The father and daughter lead a more uncertain existence, though. In order to preserve it they go to great pains to avoid detection by park officials and hikers, yet when a jogger accidentally spots Tom near one of the trails, the police detain Will and take them both away for questioning. Despite no formal schooling, Tom tests ahead of her age, and there is no abuse that compels the authorities to separate them. A social worker places them on a Christmas tree farm instead, with regular employment for Will and the chance to attend public school for Tom. Will chafes at the relocation, his post-traumatic stress exacerbated by the sound of the helicopters used to move large bundles of trees around the farm. Before long he and Tom are running again, seeking the kind of home they once had in the park.
Excellent performances by Foster and McKenzie anchor a quiet, almost melancholy film. Foster embodies a man clearly struggling against the demons of his past without resorting to obvious theatrics. His warmth and openness with his daughter immediately descend into a practiced politeness edged with distrust and tension when dealing with others.

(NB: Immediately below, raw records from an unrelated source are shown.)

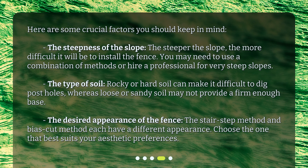Third, the desired appearance of the fence. The stair-step method and bias-cut method each have a different appearance, so choose the one that best suits your aesthetic preferences.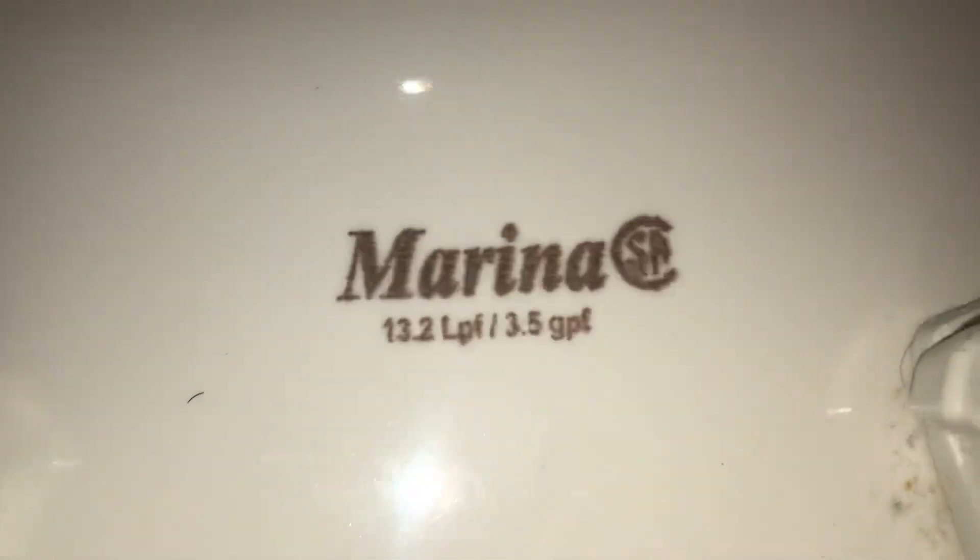Hey guys. Today we have a newly acquired 2003 Marina by American Standard.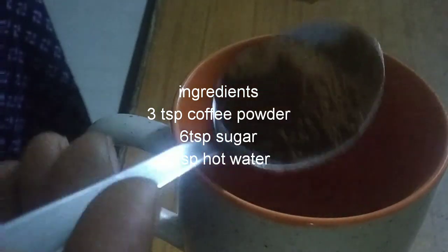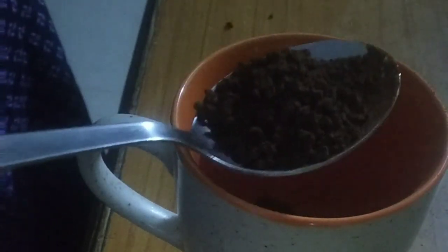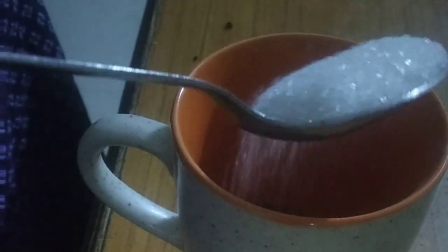To make this coffee at home, we don't need many ingredients - very very simple ingredients. It looks just like a cappuccino coffee. To make it, take 3 tablespoons of coffee powder and add it, then 6 tablespoons of sugar, and 6 tablespoons of hot water.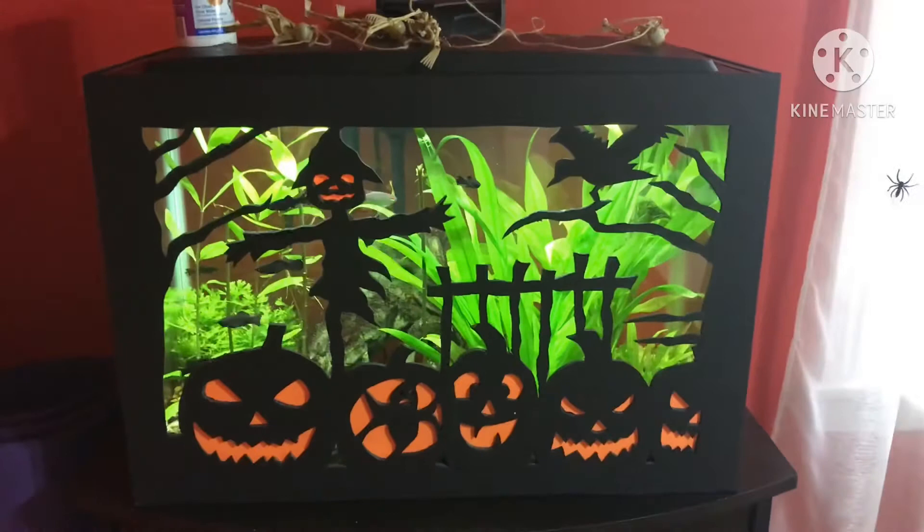That's how it looks like guys. So that's it for now. Bye bye guys, and thank you for watching. Spooky scary skeletons and shivers down your spine. Bye bye.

It’s incredibly easy to feel sympathy for Will, even more so when he’s forced to set aside the lifestyle that serves as a coping mechanism, even when it’s clear that no amount of love can make up for the experiences Tom misses out on growing up as a nomad.
McKenzie fares even better, if that’s possible. She finds a joining of innocence and wisdom in Tom that often humbles or confounds adults other than Will. Her desire for a more traditional home and childhood could ring as whiny, selfish even, but instead manifest as the serious demands of her father’s equal.
Director Debra Granik (who co-wrote the script with Anne Rosellini) challenges her viewers to consider the lifestyle of her main characters as a symptom of Will’s illness, rather than the root cause of his and Tom’s struggles. She makes good use of the Pacific Northwest wilderness, featuring it as an environment capable of offering hardship as readily as comfort. This latest feature film continues in the excellent tradition of Winter’s Bone by showcasing a young girl’s strength and the complications of loving someone who can’t always return that devotion in the way that one needs.